[What the task requires]
Begin with the first line of the listing and quote every line through the one containing "( Y339 ) VINTAGE"; give only those lines.

*** Opening of Recorded information ***

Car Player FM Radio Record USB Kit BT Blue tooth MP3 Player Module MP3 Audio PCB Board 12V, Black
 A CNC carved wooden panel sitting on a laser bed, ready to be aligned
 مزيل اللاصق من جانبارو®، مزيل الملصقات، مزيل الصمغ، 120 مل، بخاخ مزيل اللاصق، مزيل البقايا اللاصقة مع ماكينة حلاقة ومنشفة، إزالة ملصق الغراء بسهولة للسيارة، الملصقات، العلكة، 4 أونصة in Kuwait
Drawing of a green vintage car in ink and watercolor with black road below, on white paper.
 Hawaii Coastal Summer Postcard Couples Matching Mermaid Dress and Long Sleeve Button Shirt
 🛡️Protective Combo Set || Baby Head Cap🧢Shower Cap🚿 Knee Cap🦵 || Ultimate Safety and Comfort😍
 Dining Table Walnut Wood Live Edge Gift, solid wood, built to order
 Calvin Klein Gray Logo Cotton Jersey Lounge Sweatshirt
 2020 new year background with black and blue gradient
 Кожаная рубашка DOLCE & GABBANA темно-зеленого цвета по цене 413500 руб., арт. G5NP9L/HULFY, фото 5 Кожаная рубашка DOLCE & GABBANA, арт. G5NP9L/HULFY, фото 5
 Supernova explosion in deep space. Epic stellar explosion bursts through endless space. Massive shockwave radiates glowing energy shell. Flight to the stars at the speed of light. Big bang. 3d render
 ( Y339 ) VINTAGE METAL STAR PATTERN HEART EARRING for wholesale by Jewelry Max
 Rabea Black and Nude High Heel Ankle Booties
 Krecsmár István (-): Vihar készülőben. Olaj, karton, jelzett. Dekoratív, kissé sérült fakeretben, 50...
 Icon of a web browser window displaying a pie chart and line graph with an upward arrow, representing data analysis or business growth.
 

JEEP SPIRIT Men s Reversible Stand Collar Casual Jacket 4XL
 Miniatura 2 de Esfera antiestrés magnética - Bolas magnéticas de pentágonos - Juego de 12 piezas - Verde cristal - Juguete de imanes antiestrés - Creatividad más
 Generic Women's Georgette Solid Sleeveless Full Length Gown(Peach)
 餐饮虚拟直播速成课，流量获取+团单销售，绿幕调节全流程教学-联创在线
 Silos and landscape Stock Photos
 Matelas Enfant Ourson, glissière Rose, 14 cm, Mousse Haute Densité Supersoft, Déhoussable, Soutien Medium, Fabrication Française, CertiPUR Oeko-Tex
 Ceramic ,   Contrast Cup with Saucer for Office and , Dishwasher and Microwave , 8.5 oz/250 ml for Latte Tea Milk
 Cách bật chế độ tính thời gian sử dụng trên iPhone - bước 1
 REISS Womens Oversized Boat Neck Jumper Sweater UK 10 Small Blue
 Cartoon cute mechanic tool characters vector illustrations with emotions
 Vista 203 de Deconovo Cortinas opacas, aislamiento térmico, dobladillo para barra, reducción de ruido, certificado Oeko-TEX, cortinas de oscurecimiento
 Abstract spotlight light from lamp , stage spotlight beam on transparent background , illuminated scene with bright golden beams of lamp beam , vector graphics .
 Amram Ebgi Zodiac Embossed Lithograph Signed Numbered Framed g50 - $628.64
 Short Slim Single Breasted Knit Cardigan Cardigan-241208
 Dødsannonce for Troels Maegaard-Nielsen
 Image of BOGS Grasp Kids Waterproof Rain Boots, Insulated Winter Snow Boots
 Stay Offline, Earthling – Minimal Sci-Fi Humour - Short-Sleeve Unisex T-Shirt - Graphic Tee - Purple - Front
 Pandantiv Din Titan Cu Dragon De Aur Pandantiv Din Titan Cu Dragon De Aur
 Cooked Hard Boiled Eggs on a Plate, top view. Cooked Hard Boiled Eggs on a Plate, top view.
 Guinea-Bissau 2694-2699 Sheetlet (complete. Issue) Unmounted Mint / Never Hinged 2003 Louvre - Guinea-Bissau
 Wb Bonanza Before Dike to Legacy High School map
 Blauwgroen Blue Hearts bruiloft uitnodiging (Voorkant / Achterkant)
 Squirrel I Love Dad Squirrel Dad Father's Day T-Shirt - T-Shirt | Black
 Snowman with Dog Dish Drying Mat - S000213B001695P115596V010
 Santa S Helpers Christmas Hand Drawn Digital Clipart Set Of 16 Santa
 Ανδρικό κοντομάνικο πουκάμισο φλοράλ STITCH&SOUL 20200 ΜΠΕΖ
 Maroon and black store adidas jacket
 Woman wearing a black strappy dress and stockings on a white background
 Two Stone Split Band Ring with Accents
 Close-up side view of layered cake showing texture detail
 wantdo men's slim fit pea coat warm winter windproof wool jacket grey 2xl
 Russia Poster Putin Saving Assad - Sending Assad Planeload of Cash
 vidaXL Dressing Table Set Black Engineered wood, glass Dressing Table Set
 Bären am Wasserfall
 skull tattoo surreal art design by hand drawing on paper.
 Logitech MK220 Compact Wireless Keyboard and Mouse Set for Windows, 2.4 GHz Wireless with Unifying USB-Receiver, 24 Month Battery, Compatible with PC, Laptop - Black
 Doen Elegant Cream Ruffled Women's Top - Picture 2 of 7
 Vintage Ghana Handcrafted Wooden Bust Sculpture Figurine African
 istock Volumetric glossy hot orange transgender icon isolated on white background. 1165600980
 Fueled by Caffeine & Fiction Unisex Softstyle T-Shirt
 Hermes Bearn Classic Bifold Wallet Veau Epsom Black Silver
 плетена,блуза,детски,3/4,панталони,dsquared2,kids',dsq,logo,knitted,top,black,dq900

*** Close of Recorded information ***

[Written response]
Car Player FM Radio Record USB Kit BT Blue tooth MP3 Player Module MP3 Audio PCB Board 12V, Black
 A CNC carved wooden panel sitting on a laser bed, ready to be aligned
 مزيل اللاصق من جانبارو®، مزيل الملصقات، مزيل الصمغ، 120 مل، بخاخ مزيل اللاصق، مزيل البقايا اللاصقة مع ماكينة حلاقة ومنشفة، إزالة ملصق الغراء بسهولة للسيارة، الملصقات، العلكة، 4 أونصة in Kuwait
Drawing of a green vintage car in ink and watercolor with black road below, on white paper.
 Hawaii Coastal Summer Postcard Couples Matching Mermaid Dress and Long Sleeve Button Shirt
 🛡️Protective Combo Set || Baby Head Cap🧢Shower Cap🚿 Knee Cap🦵 || Ultimate Safety and Comfort😍
 Dining Table Walnut Wood Live Edge Gift, solid wood, built to order
 Calvin Klein Gray Logo Cotton Jersey Lounge Sweatshirt
 2020 new year background with black and blue gradient
 Кожаная рубашка DOLCE & GABBANA темно-зеленого цвета по цене 413500 руб., арт. G5NP9L/HULFY, фото 5 Кожаная рубашка DOLCE & GABBANA, арт. G5NP9L/HULFY, фото 5
 Supernova explosion in deep space. Epic stellar explosion bursts through endless space. Massive shockwave radiates glowing energy shell. Flight to the stars at the speed of light. Big bang. 3d render
 ( Y339 ) VINTAGE METAL STAR PATTERN HEART EARRING for wholesale by Jewelry Max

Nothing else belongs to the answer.